Produced from 1972 to 1986, the GP38-2 helped inaugurate Electro-Motive’s “Dash-2” series of locomotives and became one of EMD’s all-time best sellers. With over 2200 engines sold throughout North America, rare was the railroad that did not roster these reliable, second-generation EMD workhorses.
Building on the success of the GP38 introduced in 1966, the Dash-2 model looked almost identical on the outside but incorporated a host of internal upgrades that lowered exhaust emissions and improved reliability, ease of maintenance, and tractive effort. Most significant was the replacement of the maze of hard-wired circuits, switches, interlocks, and relays — which had characterized first-generation diesels and had been the source of many of their service issues — with modular, solid-state electronics. Other improvements toughened the pistons, rings, and bearings of the 2000-horsepower, non-turbocharged model 645 prime mover.

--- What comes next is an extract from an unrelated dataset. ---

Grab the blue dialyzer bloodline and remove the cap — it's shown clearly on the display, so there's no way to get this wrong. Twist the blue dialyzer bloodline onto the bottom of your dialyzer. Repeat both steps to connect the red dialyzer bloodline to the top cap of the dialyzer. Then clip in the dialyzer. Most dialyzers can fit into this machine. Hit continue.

The result was an engine so hard working and dependable that it became as common on American railroads as the F-unit was in the 1950s and ‘60s. Trains magazine recognized this in 1982 by designating B&O GP38 #3802 (a pre-Dash-2 model) as the All American Diesel; the engine resides today in the Baltimore & Ohio Railroad Museum, repainted in its 1982 Chessie System colors. Many GP38-2s have soldiered on for more than three decades and remain in service today on short lines and regional railroads.

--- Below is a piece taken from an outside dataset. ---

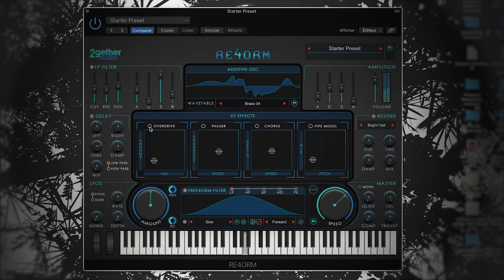I'll set the amplitude attack and release to give space for a cool trick coming up later. I'll give some character to this sound by tweaking the XY effects — first, some overdrive to thicken the timbre. Then I'll modulate the frequencies with the phaser just a little bit to give some movement. Then one of my favorite features in ReForm is its chorus. Especially for pads, it feels like the sound really comes to life.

New for 2014, this accurately modeled GP38-2 joins our economically priced Ready2Rail lineup in eight prototypical paint schemes. While Ready2Rail locomotives have fewer added-on details than standard M.T.H. motive power, Proto-Sound 3.0 versions feature the same versatile electronics and prototypical sounds found in every Proto-Sound 3.0 engine. In command mode, you can operate this second-generation stalwart with any other DCC- or M.T.H. DCS-equipped models. With the DCS system, you can create a lashup with just a few keystrokes, combining one or more GP38-2s with other Proto-Sound 3.0 first-, second-, or third-generation diesels — and run them all from a single throttle just like the prototype.